Interesting idea though.
Have to say I'd never even thought of danglymesh. I could never get it to work for me. Personally I'm not too happy with its effects for hair, it applies a single stretch to the entire model based on its horizontal motion, treating loose strands the same way as bound dreadlocks. It's not bad for other things, certainly. I've just never liked that hair didn't seem to respond to gravity or being gathered on the shoulders.

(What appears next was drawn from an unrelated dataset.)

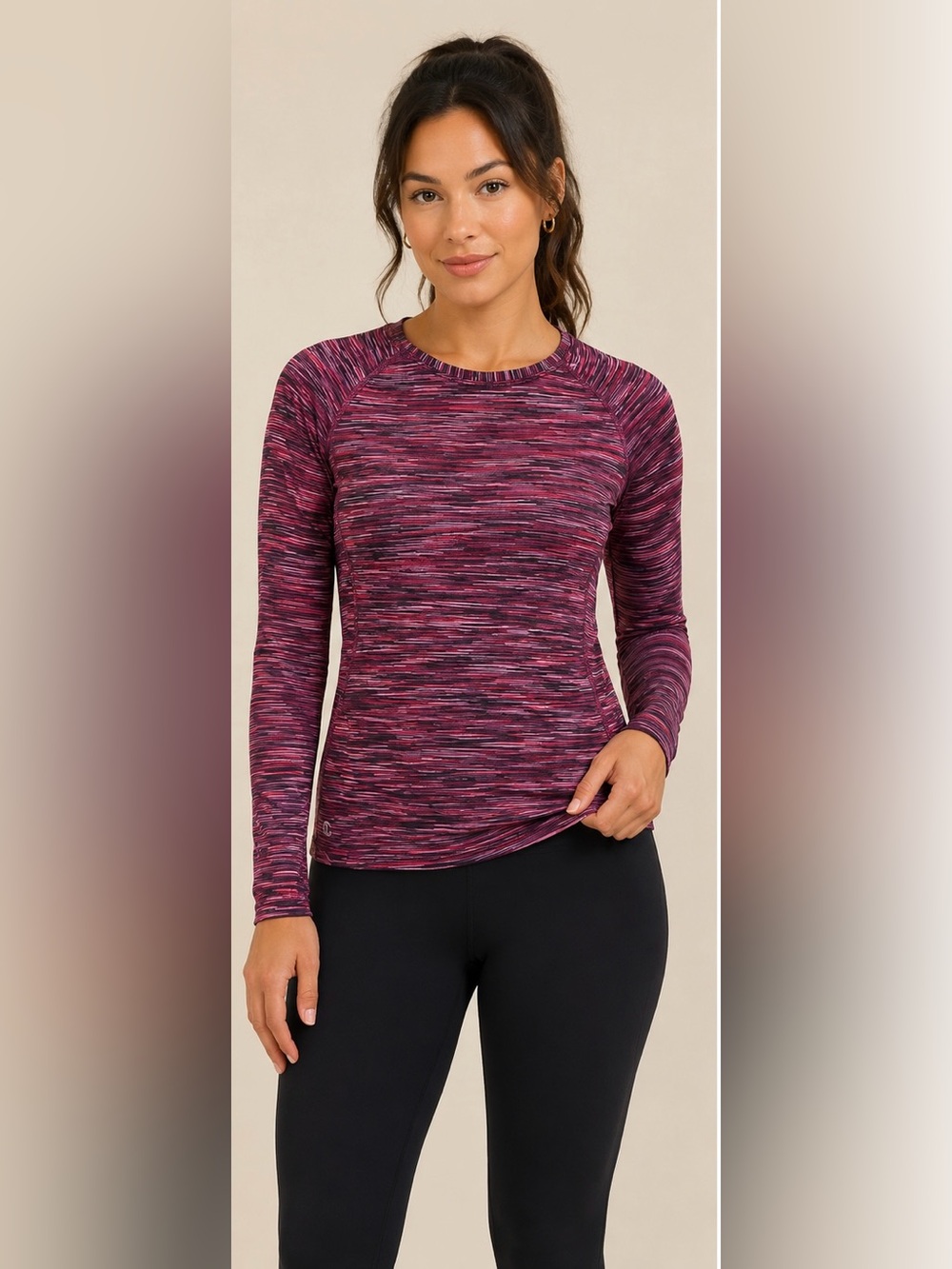 Champion Duo Dry Pink Space Dye Athletic Long Sleeve Top Women's S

The main thing I'm after is the idea of creating a model that will parent to the player's supermodel like a robe does. That way even if I don't muck about with animating really long hair I've still got independently selectable hair that'll track head/neck/shoulder movement (depending on length). If the concept proves sound, I'd also want to play around with doing a reverse of this split by merging the head and neck with a movement-tracking emitter-based model. If content creation has taught me anything, though, it's that I'm going to hit some unexpected roadbumps, possibly even find the reason we ended up with play-doh-ball model composition rather than skeleton-based flexing models.
While I'm here, I've noticed that my toolset and game will hang for a tic if I load a model or player with more than 5000 polygons at once, and I take this to be the functional limit of the engine quickly loading new geometry. Has anyone else encountered this? I am no computer expert so I couldn't say with any authority where the bottleneck might be.